Build Your First End-to-End Pipeline

Apr 28, 2026·12 min read

In this tutorial, we'll build a complete data pipeline that extracts data from a public API, transforms it using Python, loads it into a local SQLite database, and visualises the results with a simple dashboard. No cloud services required — everything runs on your laptop.

Step 1: Extract

We'll use the OpenWeatherMap API to fetch weather data. Start by signing up for a free API key. Then write a Python script that requests current weather data for your city and saves the raw JSON response.

import requests
import json

API_KEY = "your_key"
CITY = "Silchar"
url = f"https://api.openweathermap.org/data/2.5/weather?q={CITY}&appid={API_KEY}"

response = requests.get(url)
data = response.json()

with open("raw_weather.json", "w") as f:
    json.dump(data, f)

Step 2: Transform

Read the raw JSON and extract only the fields we care about: temperature, humidity, pressure, and weather description.

import json

with open("raw_weather.json") as f:
    data = json.load(f)

transformed = {
    "city": data["name"],
    "temp_c": round(data["main"]["temp"] - 273.15, 1),
    "humidity": data["main"]["humidity"],
    "pressure": data["main"]["pressure"],
    "description": data["weather"][0]["description"],
    "timestamp": data["dt"]
}

with open("weather_clean.json", "w") as f:
    json.dump(transformed, f)

Step 3: Load

Create a SQLite database and a table, then insert the cleaned data.

import sqlite3, json

conn = sqlite3.connect("weather.db")
conn.execute("CREATE TABLE IF NOT EXISTS weather (city TEXT, temp_c REAL, humidity INT, pressure INT, description TEXT, timestamp INT)")

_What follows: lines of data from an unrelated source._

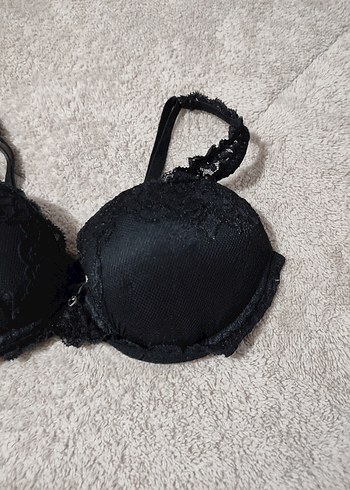 Siyah Gotik Midi Sütyen - Görsel 2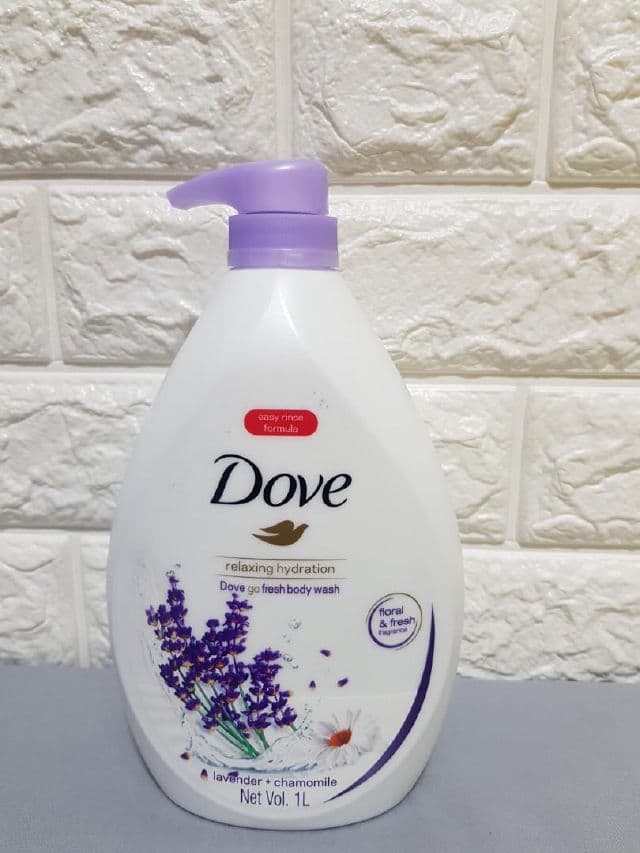 Dove Relaxing Body Wash with Lavender and Chamomile review photo by PrincessDiary98
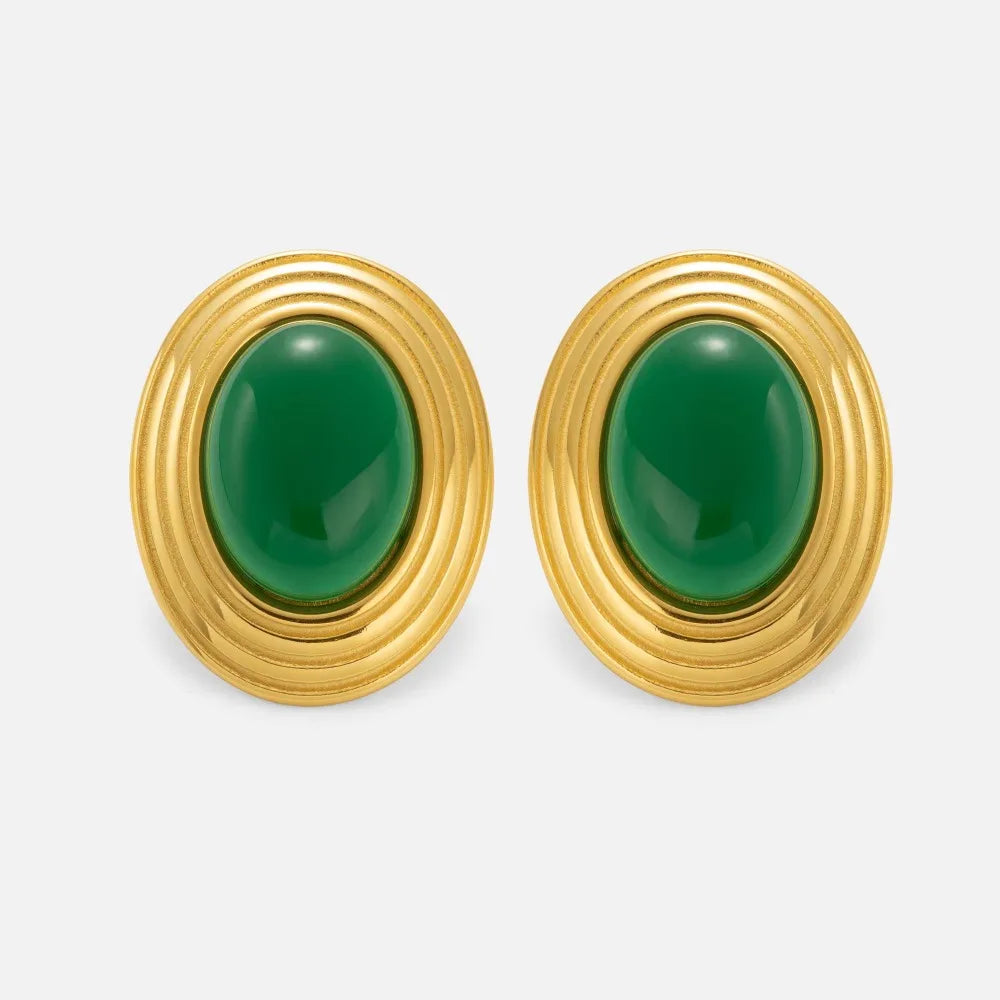 Geometric Drop Earrings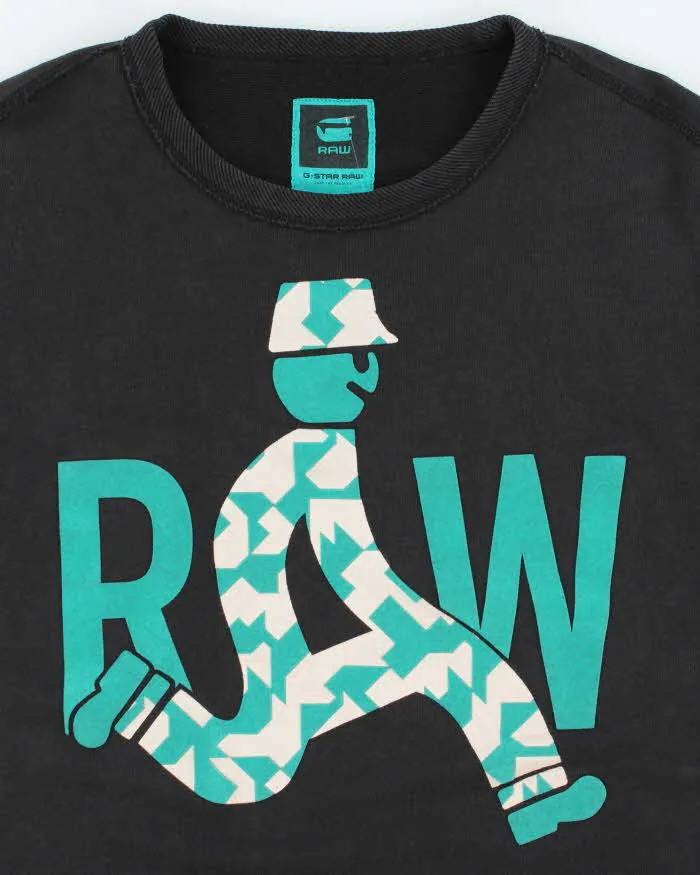 Vintage Y2K G-Star Raw Big Centre Graphic Sweatshirt - L sold by Rokit product image thumbnail 3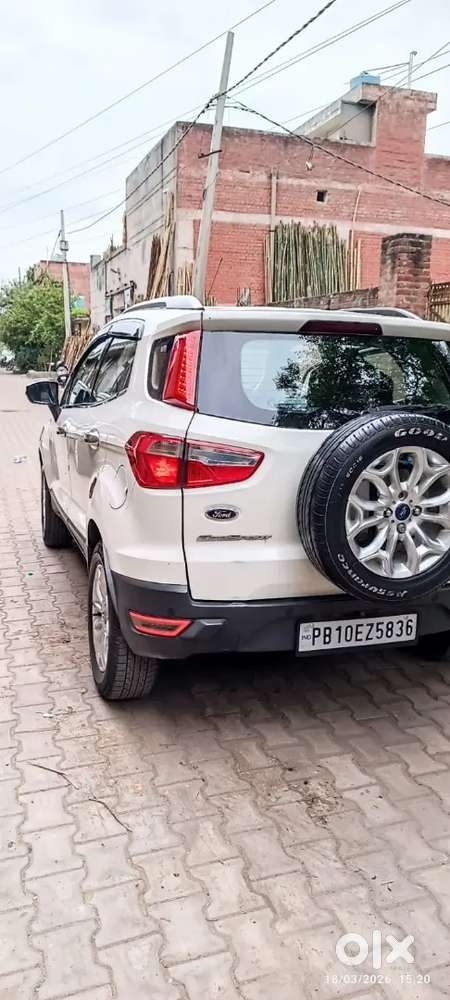 Ford Ecosport 2015 Diesel Well Maintained
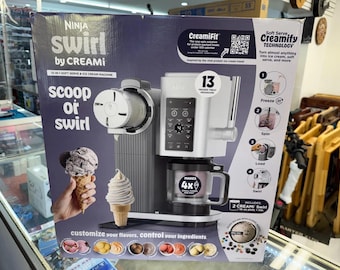 Ninja Swirl  CREAMi NC701 — 13-in-1 Soft Serve & Ice Cream Machine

with open("weather_clean.json") as f:
    row = json.load(f)

conn.execute("INSERT INTO weather VALUES (?, ?, ?, ?, ?, ?)",
             (row["city"], row["temp_c"], row["humidity"], row["pressure"], row["description"], row["timestamp"]))
conn.commit()

Step 4: Visualise

Use Streamlit to build a quick dashboard that reads from the database and plots temperature trends over time.

import streamlit as st
import sqlite3
import pandas as pd

conn = sqlite3.connect("weather.db")
df = pd.read_sql("SELECT * FROM weather ORDER BY timestamp", conn)

st.line_chart(df.set_index("timestamp")["temp_c"])
st.write(f"Average temperature: {df['temp_c'].mean():.1f}°C")

Automate It

Wrap the entire pipeline in a single Python script and schedule it with cron (Linux/macOS) or Task Scheduler (Windows). Congratulations — you've just built a production-ready data pipeline!